━━━━━ TASK INPUTS

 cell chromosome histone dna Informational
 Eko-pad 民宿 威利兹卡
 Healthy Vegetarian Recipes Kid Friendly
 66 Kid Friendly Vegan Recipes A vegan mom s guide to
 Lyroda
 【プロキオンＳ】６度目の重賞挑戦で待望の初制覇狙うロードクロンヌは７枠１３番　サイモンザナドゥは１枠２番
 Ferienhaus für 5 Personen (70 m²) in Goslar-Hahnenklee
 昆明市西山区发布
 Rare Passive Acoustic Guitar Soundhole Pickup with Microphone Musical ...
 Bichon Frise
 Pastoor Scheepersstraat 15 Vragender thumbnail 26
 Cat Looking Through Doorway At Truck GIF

━━━━━━━━━━

BRIEF
The material above is to be transcribed in full, exactly as it stands.

FINISHED EXERCISE
 cell chromosome histone dna Informational
 Eko-pad 民宿 威利兹卡
 Healthy Vegetarian Recipes Kid Friendly
 66 Kid Friendly Vegan Recipes A vegan mom s guide to
 Lyroda
 【プロキオンＳ】６度目の重賞挑戦で待望の初制覇狙うロードクロンヌは７枠１３番　サイモンザナドゥは１枠２番
 Ferienhaus für 5 Personen (70 m²) in Goslar-Hahnenklee
 昆明市西山区发布
 Rare Passive Acoustic Guitar Soundhole Pickup with Microphone Musical ...
 Bichon Frise
 Pastoor Scheepersstraat 15 Vragender thumbnail 26
 Cat Looking Through Doorway At Truck GIF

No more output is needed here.